From the entries, copy every line that carries the string "President".
··· MATERIAL TO PROCESS ···
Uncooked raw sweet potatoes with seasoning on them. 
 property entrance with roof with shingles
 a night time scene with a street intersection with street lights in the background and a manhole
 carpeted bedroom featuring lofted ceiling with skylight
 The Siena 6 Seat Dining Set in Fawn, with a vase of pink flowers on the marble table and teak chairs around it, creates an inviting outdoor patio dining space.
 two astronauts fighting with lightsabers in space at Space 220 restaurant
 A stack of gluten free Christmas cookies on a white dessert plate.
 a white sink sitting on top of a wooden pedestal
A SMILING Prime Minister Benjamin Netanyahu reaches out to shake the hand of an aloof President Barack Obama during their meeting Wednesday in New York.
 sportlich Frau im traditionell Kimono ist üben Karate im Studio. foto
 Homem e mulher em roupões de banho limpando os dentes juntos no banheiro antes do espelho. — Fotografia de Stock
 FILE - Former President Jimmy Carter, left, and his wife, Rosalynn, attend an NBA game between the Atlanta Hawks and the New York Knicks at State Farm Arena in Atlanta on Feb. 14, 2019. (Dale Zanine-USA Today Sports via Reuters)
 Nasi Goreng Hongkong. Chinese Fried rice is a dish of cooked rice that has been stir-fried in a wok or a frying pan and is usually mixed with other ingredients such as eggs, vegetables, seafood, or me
···
**REPLY:**
A SMILING Prime Minister Benjamin Netanyahu reaches out to shake the hand of an aloof President Barack Obama during their meeting Wednesday in New York.
 FILE - Former President Jimmy Carter, left, and his wife, Rosalynn, attend an NBA game between the Atlanta Hawks and the New York Knicks at State Farm Arena in Atlanta on Feb. 14, 2019. (Dale Zanine-USA Today Sports via Reuters)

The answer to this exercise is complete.